I think it's pretty clear that "reading the code" is going to go the way of reading compiler output. And quite quickly. Even for critical production systems. LLMs are getting better at writing code very fast, and there's no obvious reason we'll hit a ceiling on that progress any time soon.
In a world where the LLMs are not just pretty good at writing some kinds of code, but very good at writing almost all kinds of code, it will be the same kind of waste of time to read source code as it is, today, to read assembly code.
Compilers predictably transform one kind of programming language code to CPU (or VM) instructions. Transpilers predictably transform one kind of programming language to another.
We introduced various instruction architectures, compiler flags, reproducible builds, checksums exactly to make sure that whatever build artifact that's produced is super predictable and dependable.
That reproducibility is how we can trust our software and that's why we don't need to care about assembly (or JVM etc.) specifics 99% of the time. (Heck, I'm not familiar with most of it.)
Same goes for libraries and frameworks. We can trust their abstractions because someone put years or decades into developing, testing and maintaining them and the community has audited them if they are open-source.
It takes a whole lot of hand-waving to traverse from this point to LLMs - which are stochastic by nature - transforming natural language instructions (even if you call it "specs", it's fundamentally still a text prompt!) to dependable code "that you don't need to read" i.e. a black box.
But with the AI tools we're not yet at the wave of "sometimes it's good to read the code" virtue signaling blog posts that will make front page next year or so, and still at the "I'm the new hot shit because I don't read code" moment, which is all a bit hard to take.
Even in those environments, I'd argue that AI coding can offer a lot in terms of verification & automated testing. However, I'd probably agree, in high-stakes safety environments, it's more of a 'yes and' than an either/or.
What’s worth paying for is something that is trustworthy.
Claude code is a perfect example: They blocked tools like opencode because they know quality is the only moat, and they don’t currently have it.

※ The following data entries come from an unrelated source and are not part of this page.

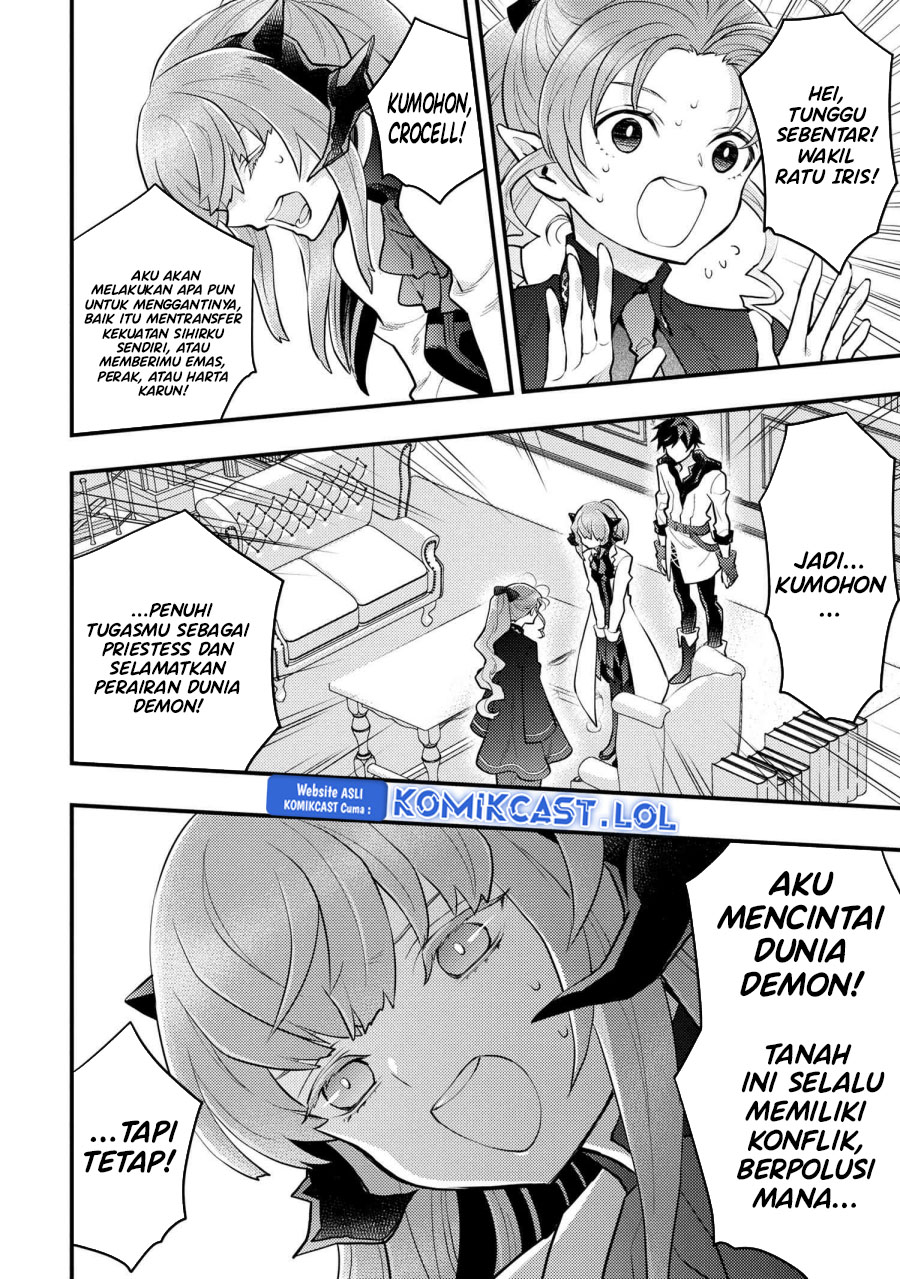 Dilarang COPAS - situs resmi www.mangacanblog.com - Komik yuusha yamemasu 038 - chapter 38 39 Indonesia yuusha yamemasu 038 - chapter 38 Terbaru 16|Baca Manga Komik Indonesia|Mangacan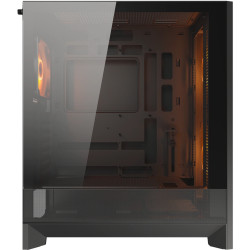 Carcasa Cougar Airface 180 (Black) Thumb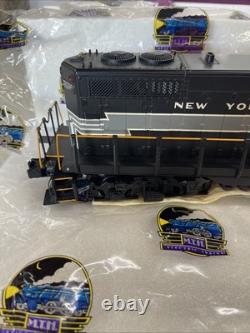 MTH 20-2337-1 New York Central NYC GP-9 diesel engine #6050 PS 2.0 BCR NIB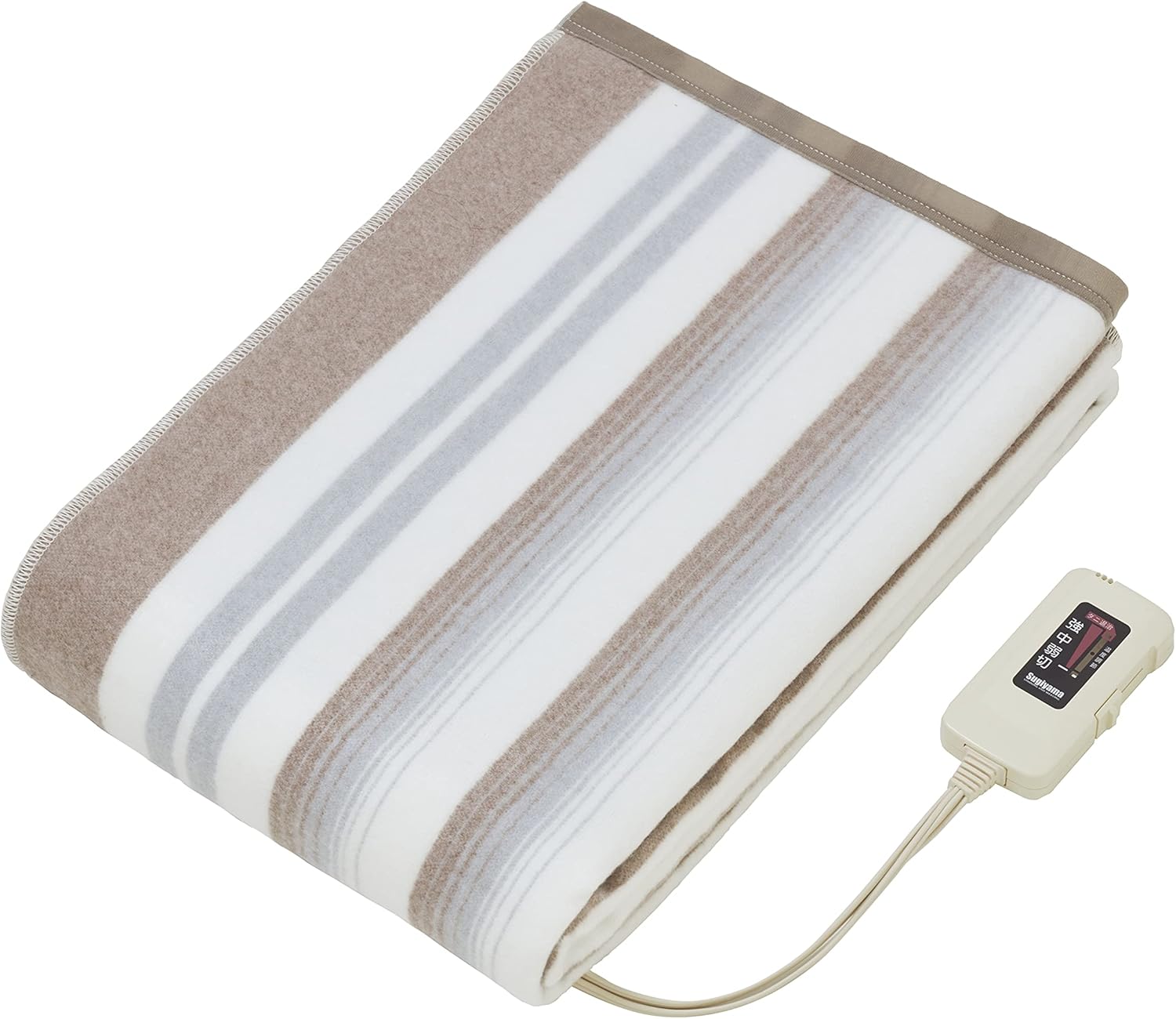 網購推薦-椙山紡織 電熱毯雙人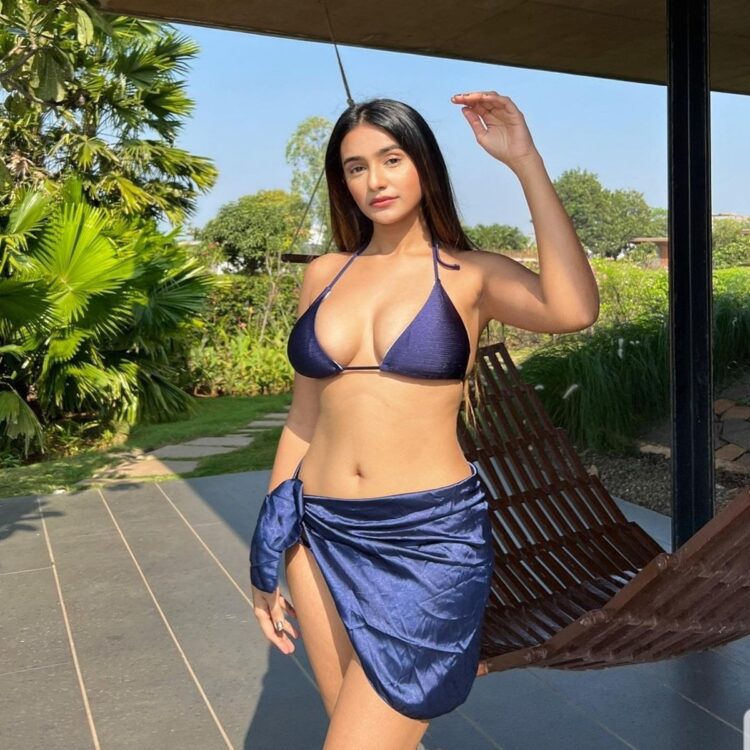 prarthana agarwal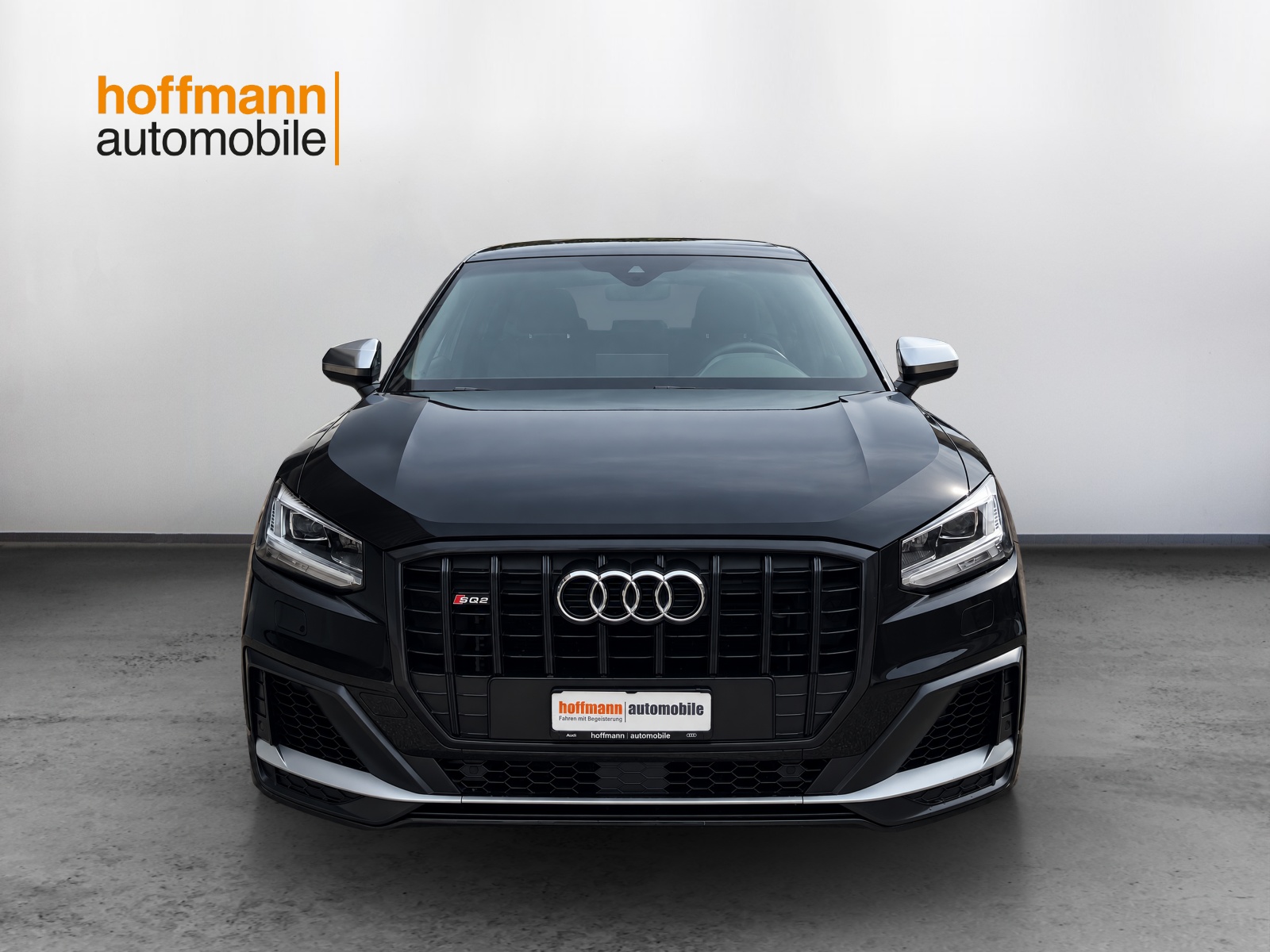AUDI SQ2 TFSI quattro S-tronic-image-1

Also, the generated picture in this post makes me want to kick someone in the nuts. It doesn't explain anything.
Is the image really not that clear? There are IDE-like tools that all are focusing on different parts of the Spec --> Agent --> Code continuum. I think it illustrates that all right.
the constant asking drives me crazy
9/10 my ai generated code is bad before my verification layers 9/10 its good after.
Claude fights through your rules. And if you code in another language you could use other agents to verify code.
This is the challenge now, effectively verify the code. Whenever I end up with a bad response I ask myself what layers could i set to stop AI as early as possible.
Also things like namings, comments, tree traversal, context engineering, even data-structures, multi-agenting. I know it sounds like buzzword, but these are the topics a software-engineer really should think about. Everything else is frankly cope.